Quietly Clair shut the door, bracing the edge with her spare hand to muffle the sound of its closing. She rested her forehead against the timber, squeezing her eyes shut. In the resultant blackness she could still see her cousin, sitting at his desk with his bowed head in his hands and his work incomplete and forgotten.

He hadn’t even noticed her.

He hadn’t noticed anything. He hadn’t left his suite in days. He hadn’t spoken. She hadn’t spoken to him: she’d tried, but her voice had failed her and she’d felt so sick with worry and fear that she could only stand, paralysed, in the doorway.

She didn’t know what to do. He needed help, but she wasn’t strong enough to give it, and yet she had to be the one to get it for him.

She couldn’t do it herself.

But she knew someone who could.

* * *​

“Why hello!”

“Hello, Sidney.”

“To what do I owe the honour of your pleasurous … well, not ‘company’, since you’re not actually here, so— your pleasurous contact? Voice? Face?”

“I just wanted to talk.”

“Ah? I heard about the merry band of Rockets you guys put away—nice work. Now if only the last unaccounted-for fanatics of our dear local eco-terrorists would be so good as to present themselves for arrest, all would be well here in Hoenn too.”

“If only things were that easy.”

“Uh huh. Not all’s well that ends well then, eh?”

“… Something like that.”

“Well? Give!”

“Something happened, Sidney. Something bad, but I don’t know what it is.”

“Need some cheering up, Luv?”

“Not me. Lance.”

* * *​

Koga paced up the cobblestone path towards the dragon tamers’ gym, shoes near-silent on stone as he passed between the sentries and the statues flanking the gate. It was midmorning and already cloudless, but still too early for the sun to have warmed the stone of the city much, and the wind brushed off any heat that was there.

The past two weeks had been busy. Koga himself had only been indirectly involved on the raid against the laboratory, but between the mission that had sparked the breakthrough in the case and the follow-ups which had been necessary to cover the League’s use of the Southernwood depot he had been struck with a lack of time just like everyone else. Even now, following the minor chaos of the aftermath, the League still seemed to be collecting itself and would remain so until the arrested Rockets had been judged and jailed accordingly.

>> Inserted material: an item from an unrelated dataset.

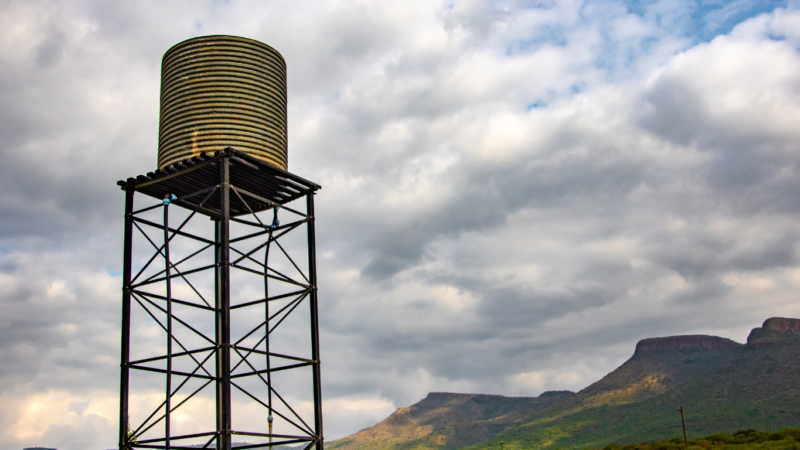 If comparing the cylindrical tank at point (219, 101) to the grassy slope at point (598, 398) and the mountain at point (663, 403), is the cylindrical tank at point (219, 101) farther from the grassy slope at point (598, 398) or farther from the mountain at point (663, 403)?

The towns that had been affected also seemed to be holding their breaths; the illness and death rates were still abnormally high, but their resources were being sanitised and effective treatments had already begun. With luck that success would continue.

Alas, it seemed that success was a scarcity, if Clair’s call was any indication.

He came to the door and nodded in response to the Clan member’s bow, but otherwise didn’t halt his stride. Clair was already hurrying down the broad marble stairs opposite the entrance; it was likely one of the gate guardians had called in his arrival, but her tread and timely appearance suggested that she had been waiting for him nonetheless. He met her at the step above the hall’s mosaic floor, already studying the relief in her tired face.

Worse than usual, is it?

She did call him directly.

“I’m glad you’re here, Koga,” she said without preamble, the relief in her voice as well as her eyes, and the ninja inclined his head.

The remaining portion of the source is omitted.